Records from a data source:
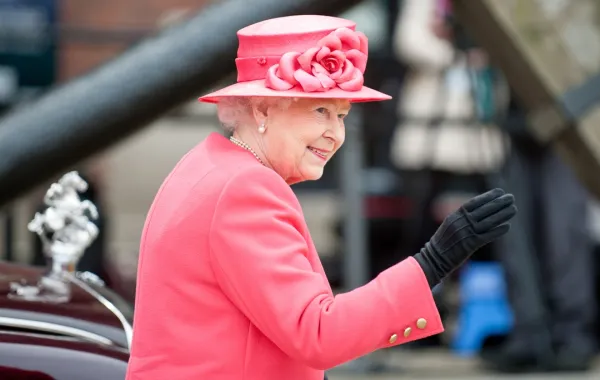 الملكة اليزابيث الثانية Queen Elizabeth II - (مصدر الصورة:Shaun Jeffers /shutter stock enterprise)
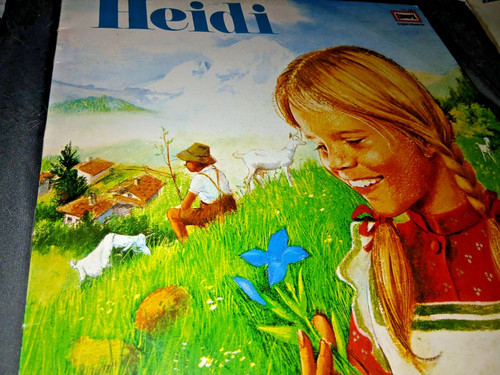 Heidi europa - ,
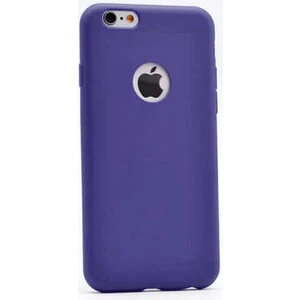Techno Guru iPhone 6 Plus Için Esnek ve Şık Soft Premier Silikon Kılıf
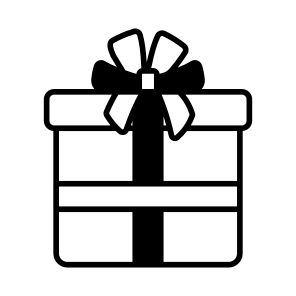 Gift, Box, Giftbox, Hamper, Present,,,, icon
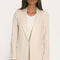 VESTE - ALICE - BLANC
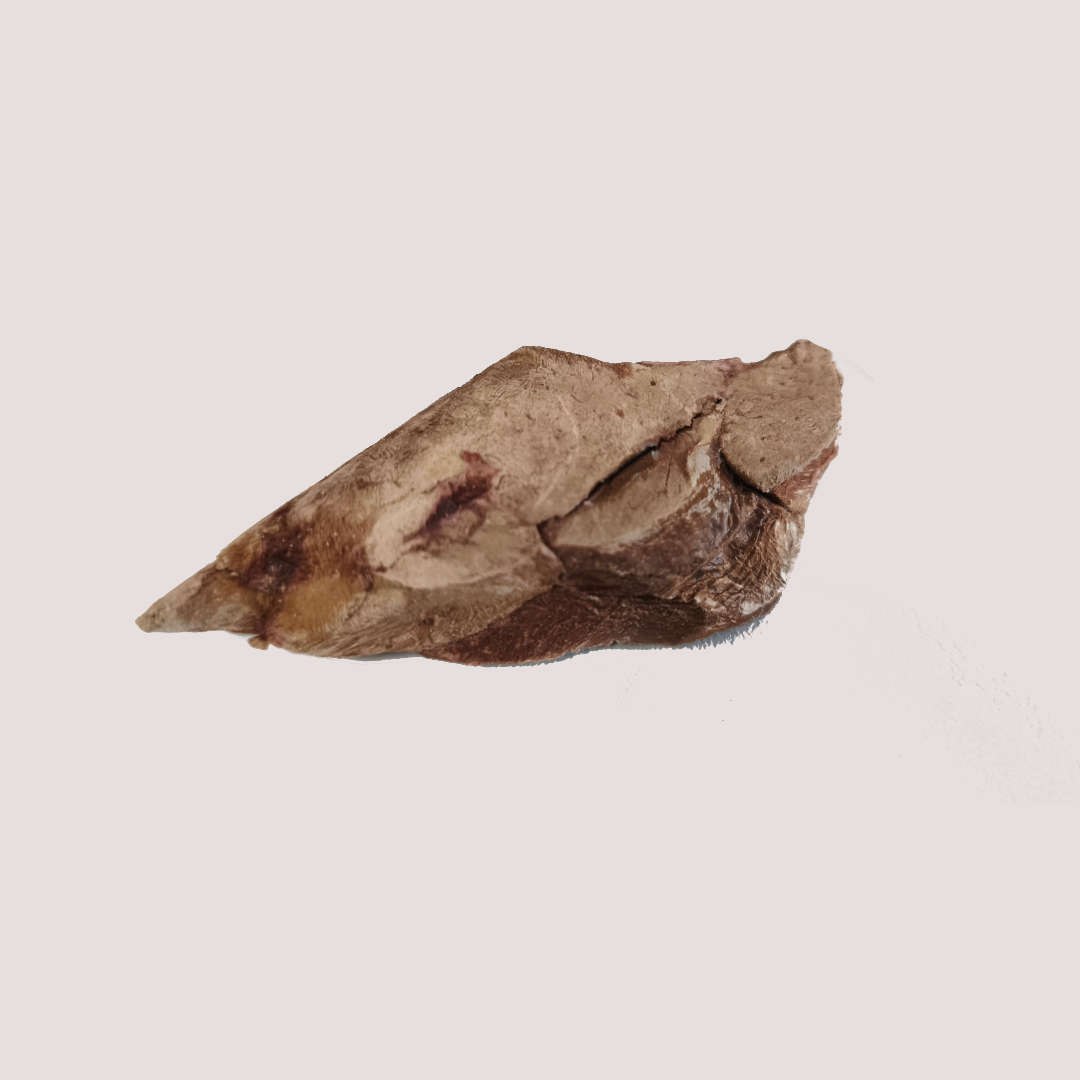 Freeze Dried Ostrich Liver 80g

# What is required:
Reproduce the entries above without change, omitting all pictures.

# Solved exercise:
 الملكة اليزابيث الثانية Queen Elizabeth II - (مصدر الصورة:Shaun Jeffers /shutter stock enterprise)
 Heidi europa - ,
Techno Guru iPhone 6 Plus Için Esnek ve Şık Soft Premier Silikon Kılıf
 Gift, Box, Giftbox, Hamper, Present,,,, icon
 VESTE - ALICE - BLANC
 Freeze Dried Ostrich Liver 80g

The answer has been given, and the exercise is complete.